Uang kembalian itu diketahui dipakai membeli rokok, sehingga memicu cekcok di antara keduanya yang saat itu sama-sama berada di bawah pengaruh minuman keras.
Kapolsek Manggala, Kompol Semuel To’longan, menjelaskan bahwa sebelum kejadian korban dan pelaku sedang berkumpul sambil mengonsumsi ballo di rumah korban.
Menurutnya, pelaku sempat menyerahkan uang Rp100 ribu kepada istri korban untuk membeli makanan. Namun, sisa uang belanja digunakan untuk membeli rokok tanpa sepengetahuan pelaku.
“Perselisihan bermula karena penggunaan uang kembalian untuk membeli rokok. Dalam kondisi dipengaruhi minuman keras, keduanya tersinggung hingga terjadi pertengkaran yang berujung pada aksi penikaman,” ujar Semuel, Kamis (9/7/2026).

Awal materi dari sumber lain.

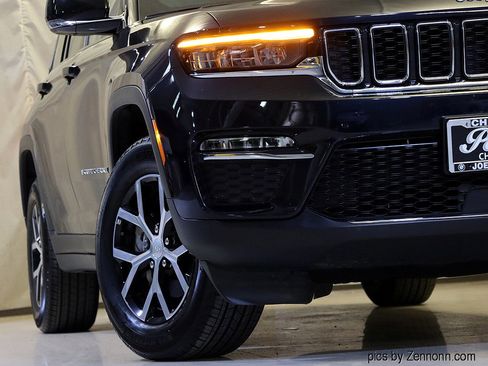 Used 2024 Jeep Grand Cherokee Limited image 4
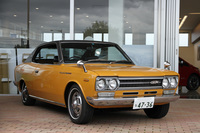 デビューから2年強を経た1970年6月、遅ればせながら日産初となる2ドアハードトップが追加設定された。これはトップグレードの「ローレル ハードトップ2000GX」。2リッターに拡大され、SUツインキャブを備えて最高出力125ps/5800rpm、最大トルク17.5kgm/3600rpmを発生するG20型エンジンを搭載。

Polisi menyebut tidak ada saksi yang melihat secara langsung proses penikaman. Saat keributan pecah, orang-orang yang sebelumnya berada di lokasi memilih menyelamatkan diri.
“Istri korban juga tidak menyaksikan langsung. Saat kembali ke lokasi, korban sudah tergeletak dengan luka-luka akibat senjata tajam,” jelasnya.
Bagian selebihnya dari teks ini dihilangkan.